== Extracted data ==

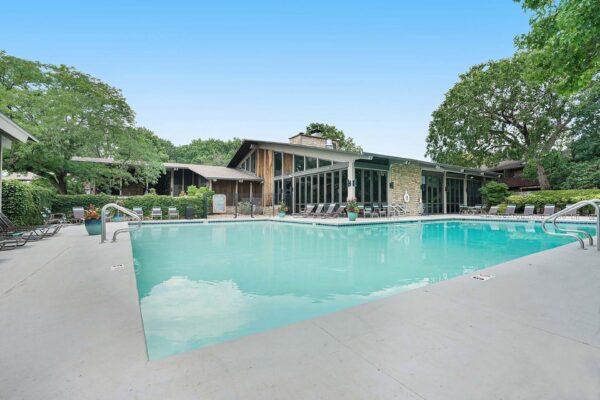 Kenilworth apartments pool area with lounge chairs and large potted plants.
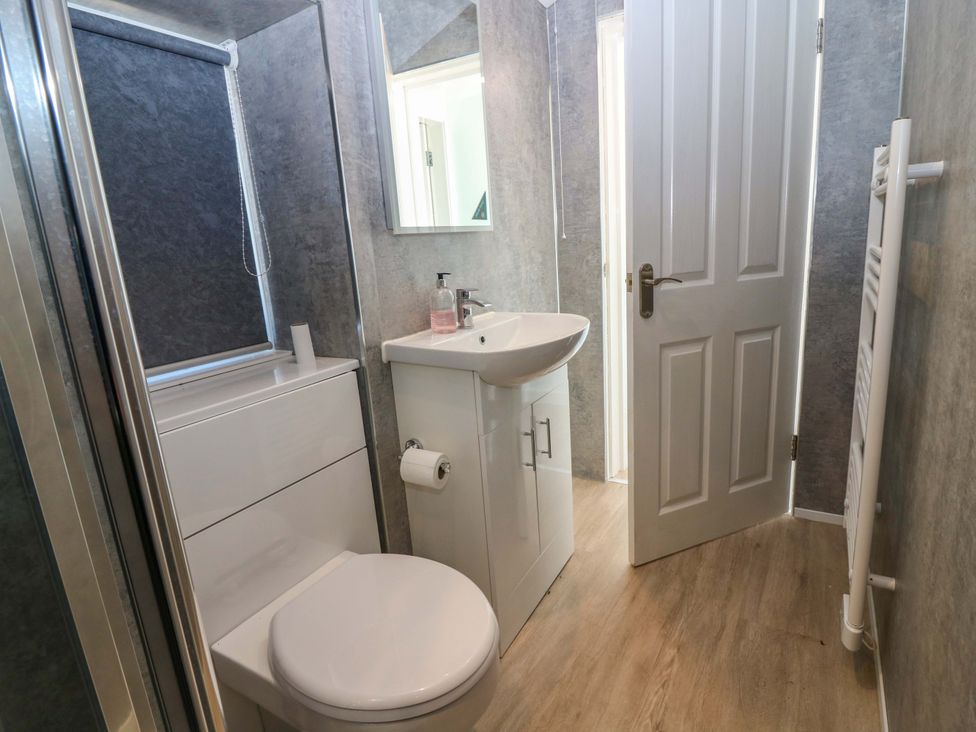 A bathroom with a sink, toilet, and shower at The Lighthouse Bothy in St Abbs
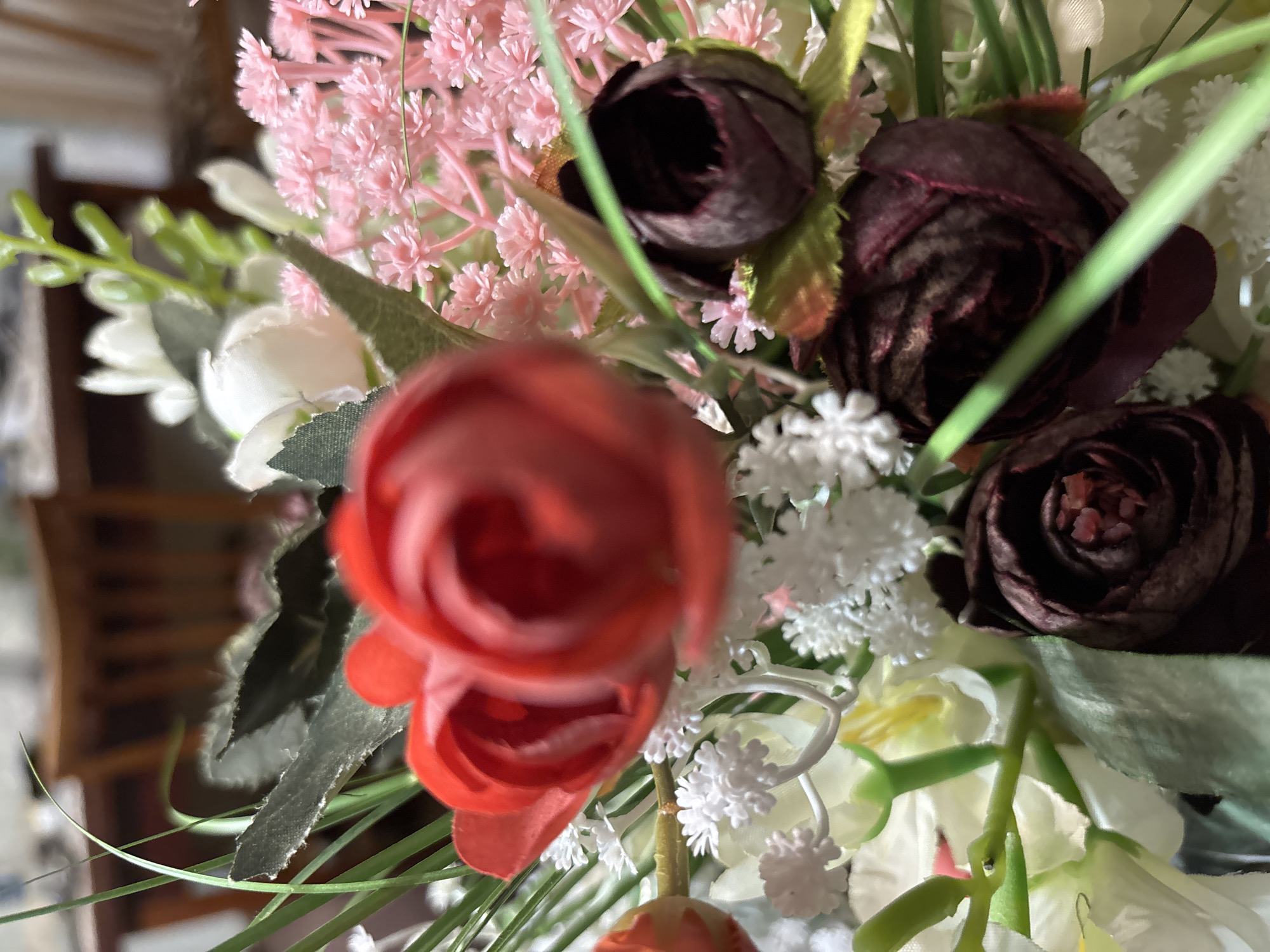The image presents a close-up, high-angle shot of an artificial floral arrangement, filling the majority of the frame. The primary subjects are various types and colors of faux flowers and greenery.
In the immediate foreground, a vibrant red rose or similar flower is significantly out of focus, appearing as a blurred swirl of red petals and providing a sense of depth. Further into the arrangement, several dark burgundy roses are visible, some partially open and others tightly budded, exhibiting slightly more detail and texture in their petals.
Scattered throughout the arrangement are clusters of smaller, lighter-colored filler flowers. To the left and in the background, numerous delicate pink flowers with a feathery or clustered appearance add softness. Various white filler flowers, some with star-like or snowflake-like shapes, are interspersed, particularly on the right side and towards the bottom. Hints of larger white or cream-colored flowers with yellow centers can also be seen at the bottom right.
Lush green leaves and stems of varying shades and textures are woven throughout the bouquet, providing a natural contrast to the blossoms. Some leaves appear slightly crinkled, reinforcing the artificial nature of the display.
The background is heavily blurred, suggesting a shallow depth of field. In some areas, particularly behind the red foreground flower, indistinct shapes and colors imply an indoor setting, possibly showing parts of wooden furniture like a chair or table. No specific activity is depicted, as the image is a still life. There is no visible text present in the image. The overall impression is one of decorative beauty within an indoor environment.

===

§ **How to complete this task**
"The image presents" marks the last line to keep. Retype every line from the start of the entries through that one, exactly, and drop the pictures.

§ **Your solution**
 Kenilworth apartments pool area with lounge chairs and large potted plants.
 A bathroom with a sink, toilet, and shower at The Lighthouse Bothy in St Abbs
The image presents a close-up, high-angle shot of an artificial floral arrangement, filling the majority of the frame. The primary subjects are various types and colors of faux flowers and greenery.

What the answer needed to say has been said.